It's hard to tell by talking with Johnny Serratt and John Hartgraves that they are about to play not only the biggest game of their lives, but also the biggest in the history of their school.
It's not that the Hico senior offensive and defensive linemen don't understand what a victory in Saturday's 1A Division I semifinal would mean, it's just that they are too steady to let it sway them.
At least that's what Hico head coach Keith Wood believes.
"This team is just all business, and they're so steady mentally and emotionally," Wood said. "It drove me nuts the first four weeks of the season because I could never tell if they were ready to play."
They were, winning those first four games convincingly to put their head coach's mind at ease.
"I finally realized it's a good thing, I guess," Wood said. "But even if they don't show it, things are definitely getting excited."
And for good reason. A victory over reigning state champ Stamford means a trip to the state final at Cowboys Stadium next week. Saturday's semifinal kicks off at 3 p.m. at San Angelo Stadium in San Angelo.
Serratt and Hartgraves are examples of Wood's point, answering questions simply and to the point when it came to discussing both Stamford and the opportunity to play for a state title.
"It's pretty exciting, but we're just staying focused on our jobs," said Serratt, who starts at strong guard and defensive tackle. "As long as we do our jobs, we can get it done and win again."
Both have an equally simple description of those so-called jobs.
"It's fun blocking for the guys we get to block for, and as long as we block who we're supposed to they'll keep making plays," Serratt said. "That's really what it's all about is getting the right guy and getting him blocked."

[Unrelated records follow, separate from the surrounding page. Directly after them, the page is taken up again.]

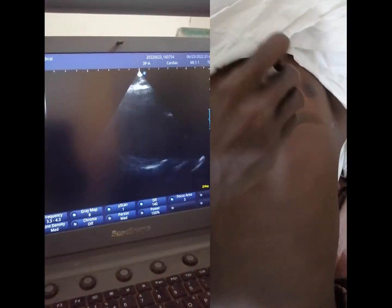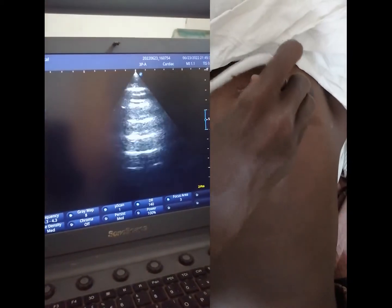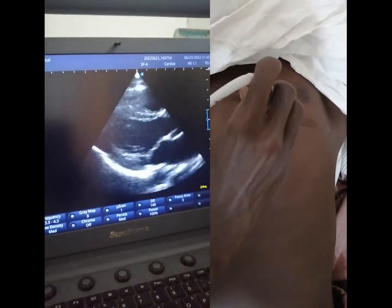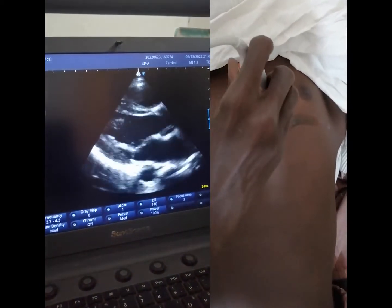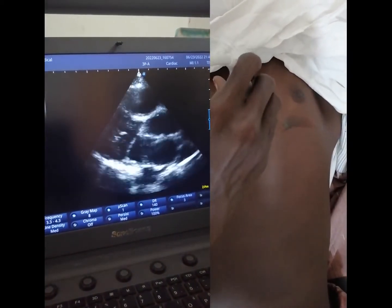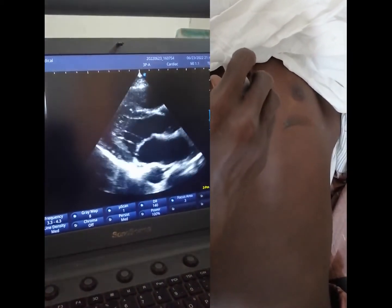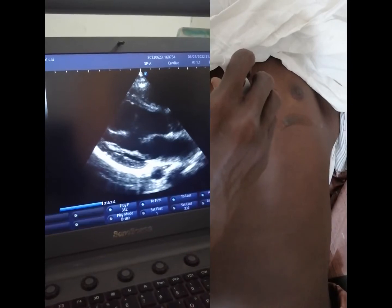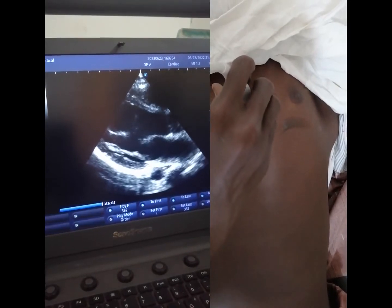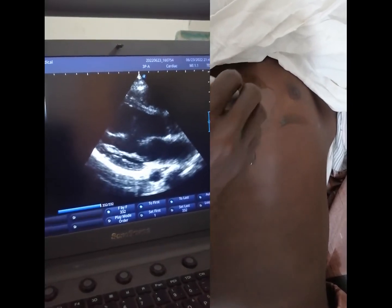This is the parasternal long axis view. That is all for today. We have to try. Thank you.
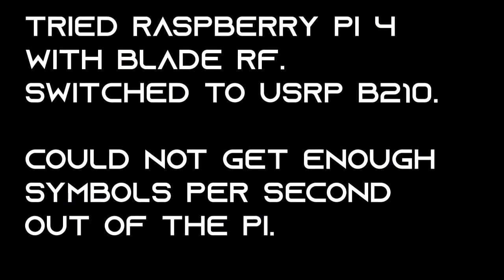Tried Raspberry Pi 4 with Blade RF, we switched to the USRP B210. We couldn't get enough symbols per second out of the Pi.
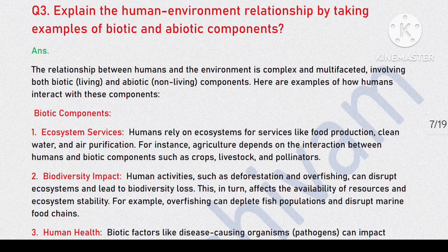Question 3: Explain the human-environment relationship by taking examples of biotic and abiotic components.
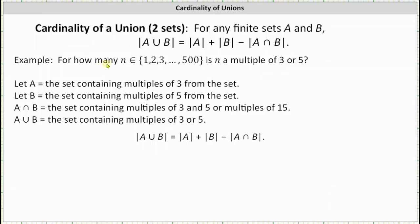We want to determine how many elements n in the set are multiples of three or five. To help set this up, we let set A equal the set containing multiples of three, and set B be the set containing multiples of five. Therefore, A intersect B is the set containing multiples of three and five, which are multiples of 15, and A union B is the set containing multiples of three or five.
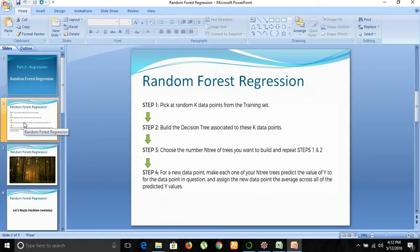In the next step, you choose the number of trees you want to build and repeat steps one and two. So let's say you want to build 50 trees — you'll again and again repeat those steps: pick a random point from the dataset, build a decision tree, and repeat until you have 50 trees.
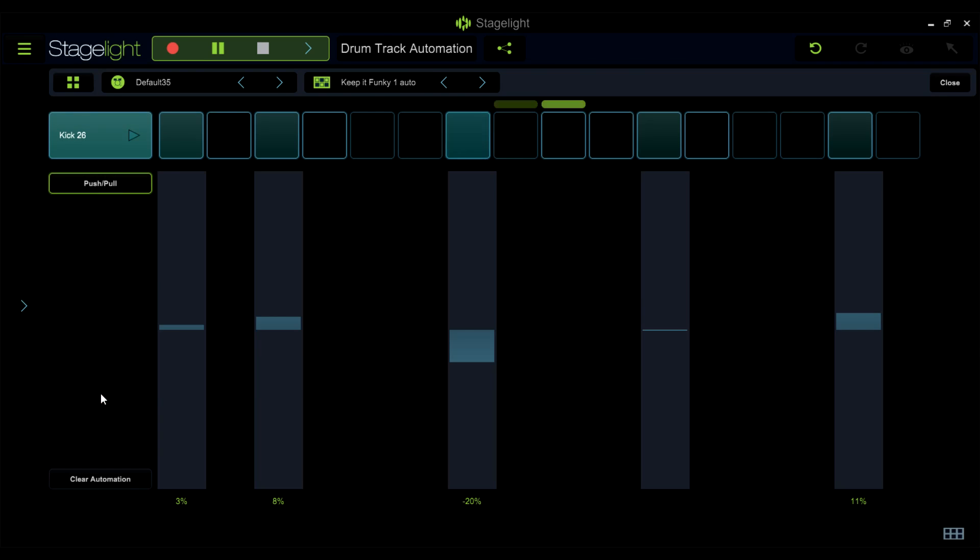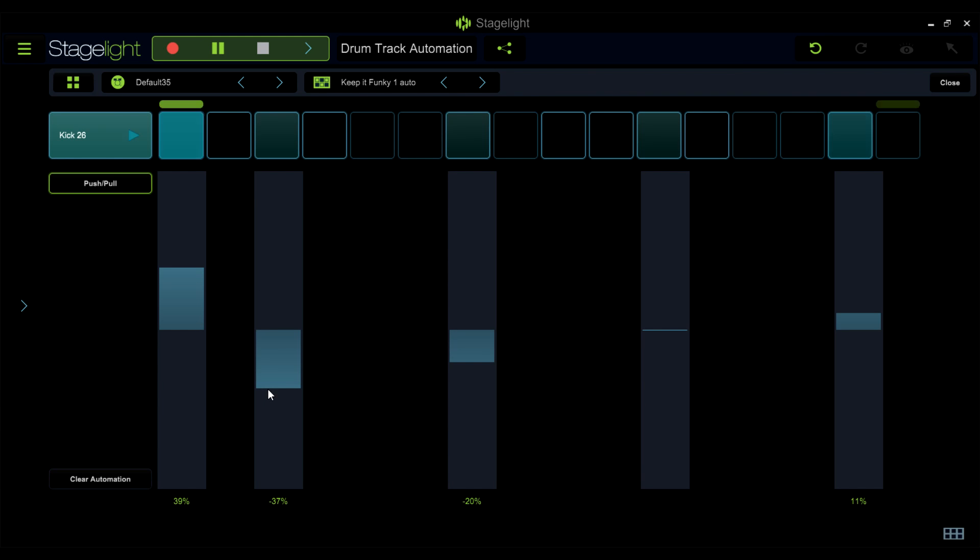The push-pull parameter will move the notes off the grid. This is a good way to give your notes custom swing.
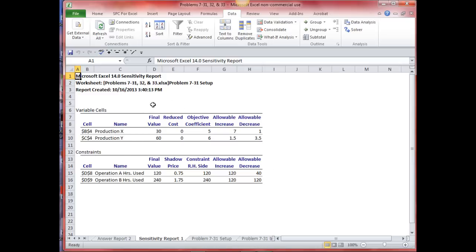You're going to see a problem similar to this in your homework, so you might want to go through this a couple of times and be ready to ask any questions you have. Thank you very much for your attention.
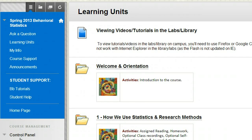Hello, and welcome to our Behavioral Statistics course. This is Dr. Kelly, and I'll take you through a little tour of our course here.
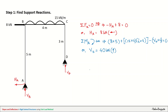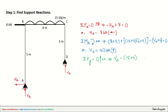Lastly, taking ΣFy = 0 with upwards as positive: VA minus 15 × 4 plus 40 = 0, giving VA = 20 kN. Since this is positive, our chosen upward direction for VA is correct.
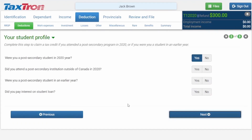The next thing you would have to check off is the first question here: 'Were you a post-secondary student in 2020?' Again, you would have to check off yes and then click on next.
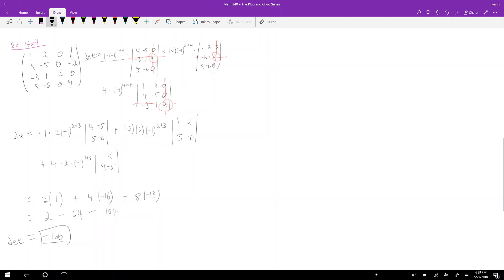So the determinant of this 4×4 matrix is negative 166. You can plug it into a matrix calculator to verify. That's how you do cofactor expansion on 4×4 matrices. There's one last trick that only applies to 4×4s which I'll cover in the next video. When we deal with determinants heavily in chapter seven and beyond, keep cofactor expansion in mind — it'll be really useful. See you in the next video.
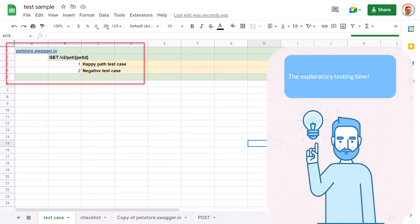And in the next video, we are going to do exploratory testing on this endpoint. Based on the results, we will improve our checklist and we'll add more test cases to it.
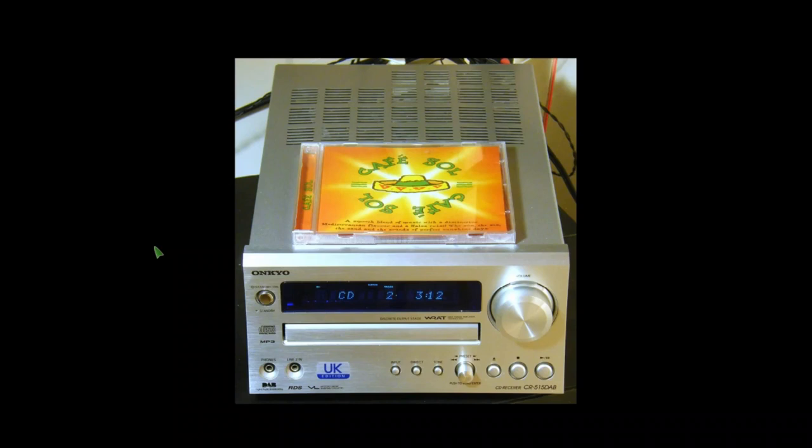The circuit diagram for this CR515DAB, I've put a link down in the description linking to a CR315DAB. That's the nearest I could get to it. It's identical. I'm not quite sure what the difference is between them, but it looked to me more or less identical.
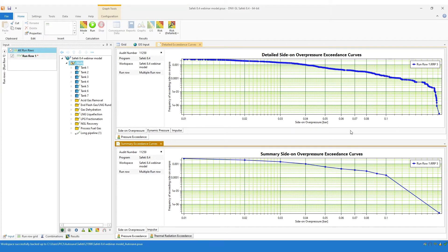You can see these on your screen. The summary exceedance curve is at the bottom half of the screen. And you can see that all the way up to 0.1 bar, the summary exceedance curve closely matches the detailed exceedance curve.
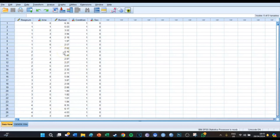Hi guys, my name is Bas and today we're going to discuss episode number 39 of my SPSS tutorial videos. Today we're going to talk about quite a difficult subject, which is the mixed linear model, which is a part of ANOVA.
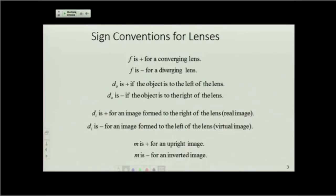The magnification is the same as it was for mirrors: it's positive for an upright image and negative for an inverted image. It's larger than one in magnitude if the image is larger than the object, and smaller than one in magnitude if the image is smaller than the object.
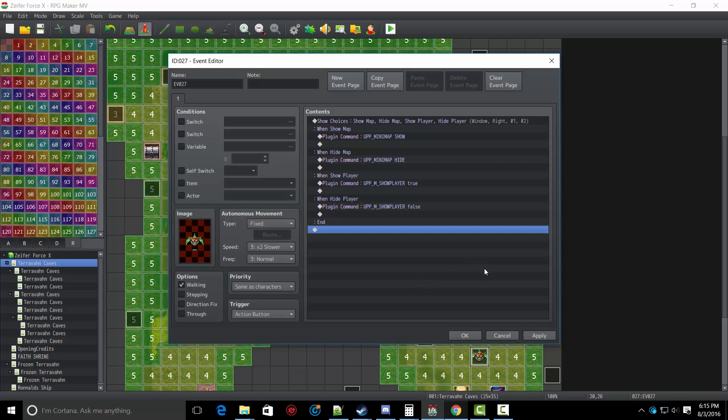So I really hope this comes in handy for everyone. This is really cool. It's my first plugin. I'm really excited to release it. You can get it in the description below. And yeah, see you guys later. Thank you all so much for watching. Peace out.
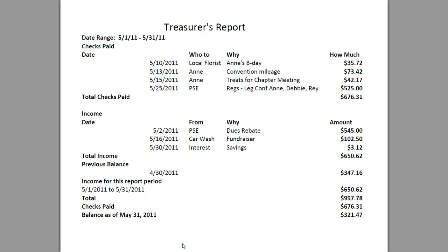This particular report is for a date range of 5-1-11 to 5-31-11. Make sure that you are checking your bylaws to see what your required reporting structure needs to be. Some bylaws may specifically detail your requirements on how often you need to produce your reports, so make sure you check those before you start producing reports.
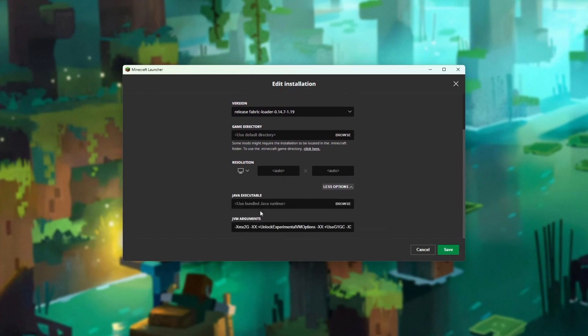Scroll down and look for XMX 2G. XMX is the maximum amount of RAM the game is going to have. It's currently set to 2GB by default, but we can raise this to what you're comfortable with. The more RAM you give Minecraft, usually the better it'll perform, especially with lots of mods.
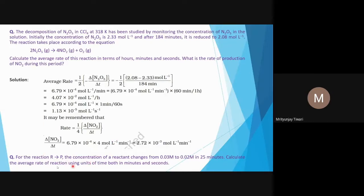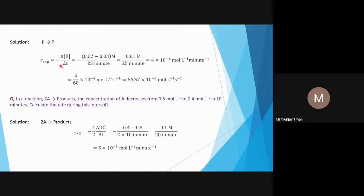Let us see a numerical problem. For the reaction R → P, the concentration of the reactant changes from 0.03 mol/L to 0.02 mol/L in 25 minutes. Calculate the average rate of reaction using units of time in both minutes and seconds. Average rate = −Δ[R]/Δt, where the minus sign accounts for the decreasing concentration of the reactant.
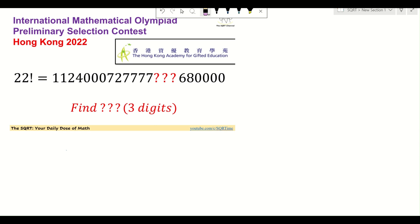Hello everyone, welcome to the security channel. In this video I'm going to take an interesting problem from the International Mathematical Olympiad preliminary section, Hong Kong 2022.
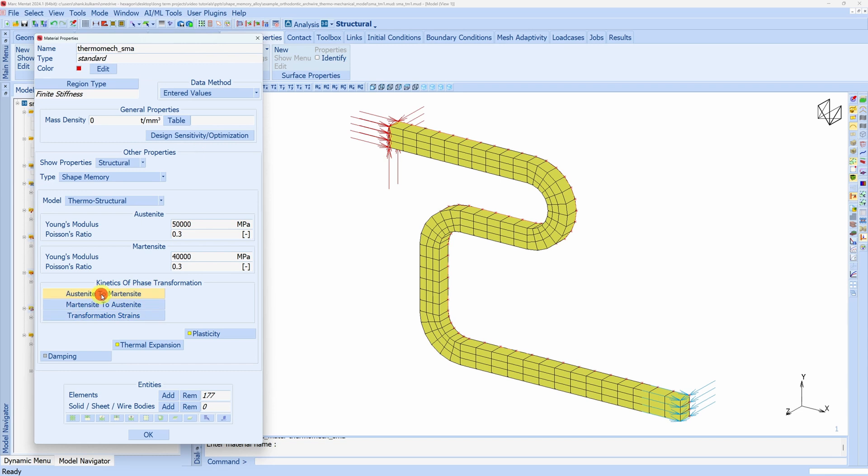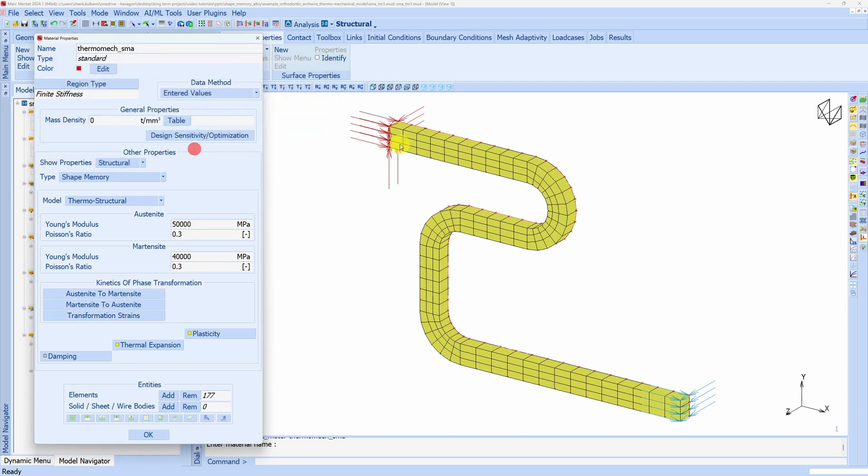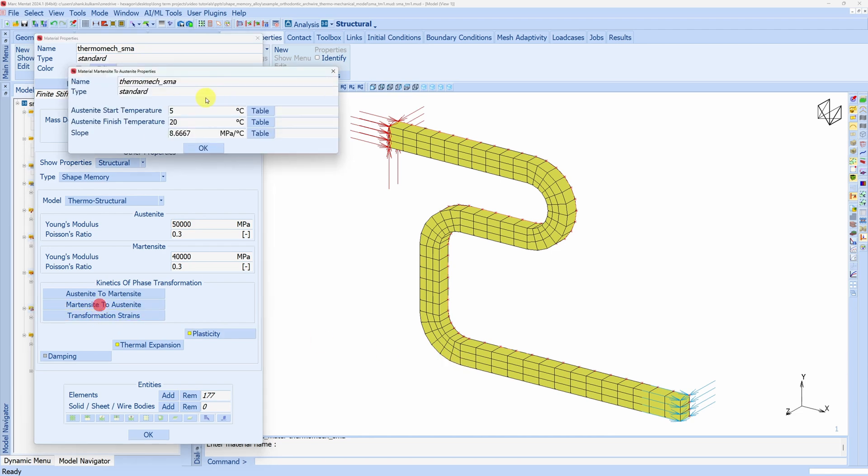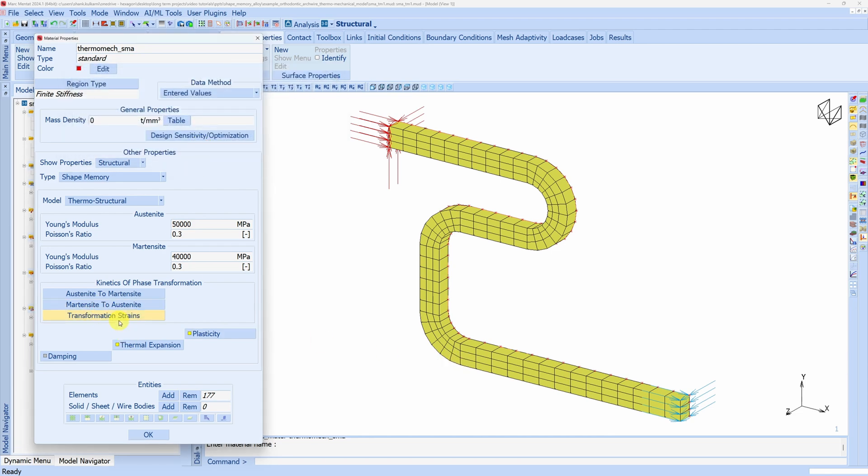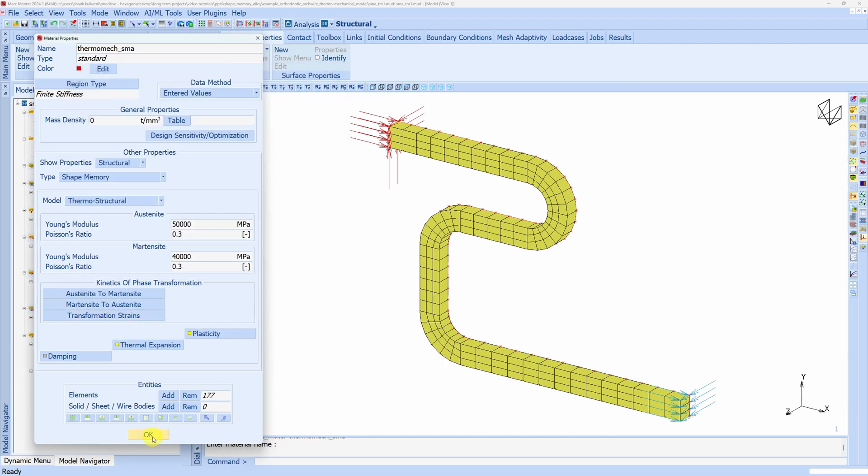The transformation temperatures are over here. Initially we are starting with zero volume fraction of martensite, hence the entire part is austenite. Transformation temperatures for austenite, and finally the G function. Say okay.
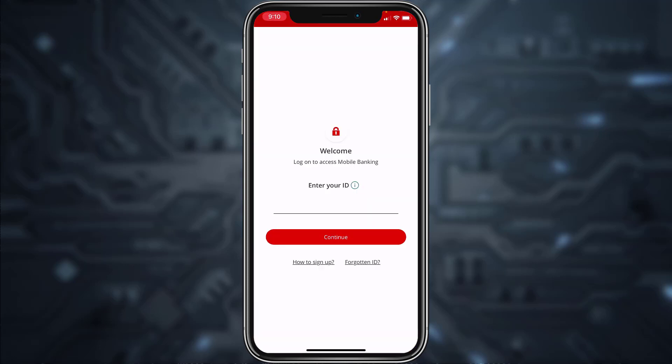After that, it will take you to this page where in order to log in you'll have to enter your ID, tap continue, and once you enter your password and tap continue, you'll be successfully logged into your Santander Bank's online banking account.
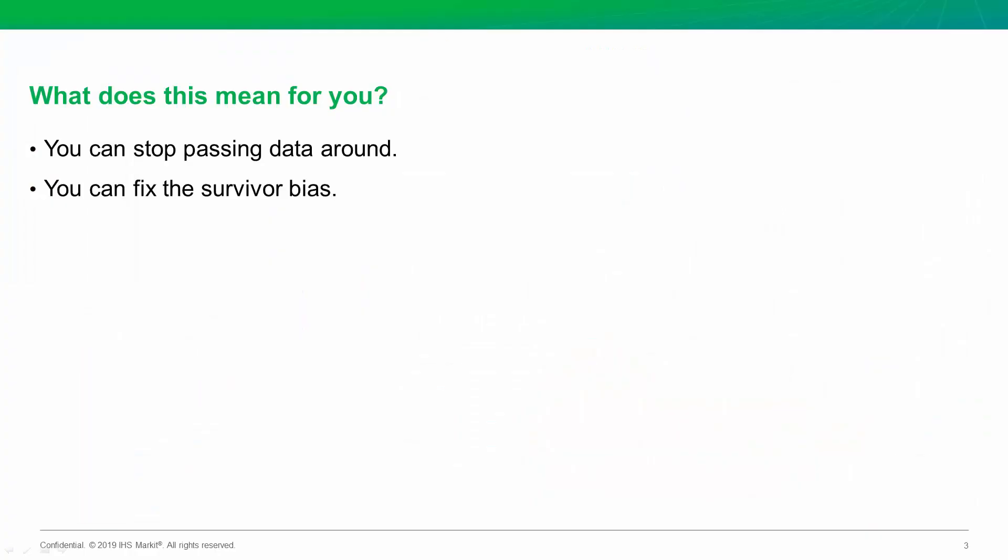That's it. So what does this mean for you? Well, number one, it means that now there's no need to keep spending time packing up your data, getting it into Excel, applying declines, and generating a new type well. You can do that all in your Harmony Enterprise software like I showed here. In addition, you can now take care of this survivor bias issue with your type wells.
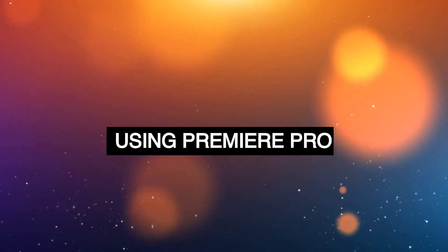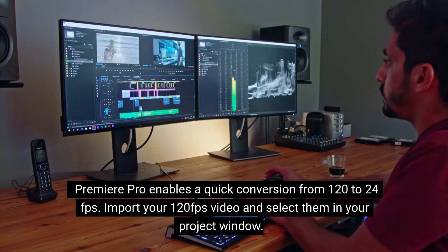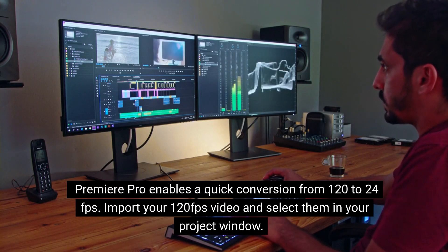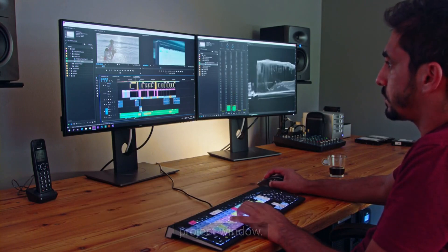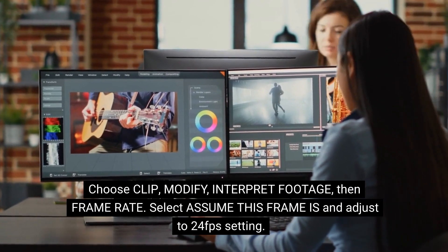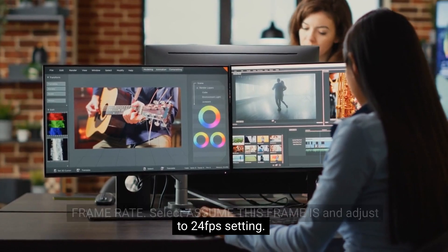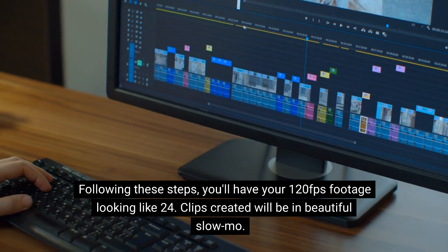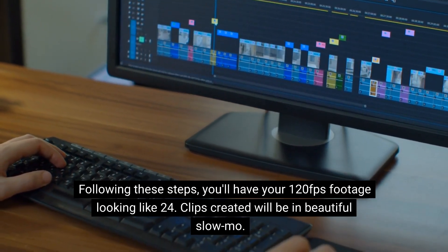Using Premiere Pro. Premiere Pro enables a quick conversion from 120 to 24 FPS. Import your 120 FPS video and select them in your project window. Choose Clip, Modify, Interpret Footage, then Frame Rate. Select 'Assume this frame rate is' and adjust to the 24 FPS setting. Following these steps, you'll have your 120 FPS footage looking like 24. Clips created will be in beautiful slow-mo.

And pressuring the passer when Stamford has the ball.
"Sack the quarterback so he can't throw it to number 28 (Oklahoma St. pledge James Washington)," Hartgraves, a strong tackle and defensive tackle, of his plan on defense.
A simple resolve is a good one, Wood believes.
"Our whole team is that way, and that's how we try to do things," Wood said. "Everyone has a couple jobs to do, and if they do it well, we will be in position to win. We don't overcomplicate things."
That's allowed Hico to be consistent in each phase throughout the year. And for the most part, it's been dominant consistency. The Tigers have outscored its four playoff opponents 167-58, winning by an average margin of 27.2 points. They weren't really tested in the playoffs until last week's 14-7 quarterfinal victory against Goldthwaite. Hico actually trailed in the first half.
"We weren't doing our jobs well enough in the first half, then we did better in the second," Serratt said.
Wood says Hico can't afford to have a poor half in any phase against Stamford, and Hartgraves believes the the Tigers will avoid repeating last week's troubles in the opening 24 minutes.
"We just have to work even harder in practice and be more prepared and focused," Hartgraves said.
The excitement around the Hico community has reached a fever pitch, especially for one of its most famous residents. Cody Ohl led the tie-down roping at the National Finals Rodeo in Las Vegas through four rounds after having the Hico school 'H' painted on the side of his horse Pearl, who is owned by Sid Miller. Ohl is even sporting the 'war hawk' haircut that has become popular around town, and had the Thomas & Mack Center public address announcer give a shoutout to the Tigers on opening night of the NFR.
That's just one example of the anticipation of the school's first-ever semifinal appearance.
"It's exciting around school, but I think the town is even more excited than the players," said Hartgraves.
That's because the townsfolk are caught up in the history that is being made right before their eyes, and in the sense of pride that comes with it.
Just how magical the finish to the historic season will be is not yet determined.
But whatever obstacles - Stamford included - jump in front of the Tigers, they have a simple plan of attack: stay steady, be focused and just do your job.
Because creativity doesn't stuff the trophy case. Simple execution, however, certainly does.
And two more wins would give Hico it's most meaningful trophy of all.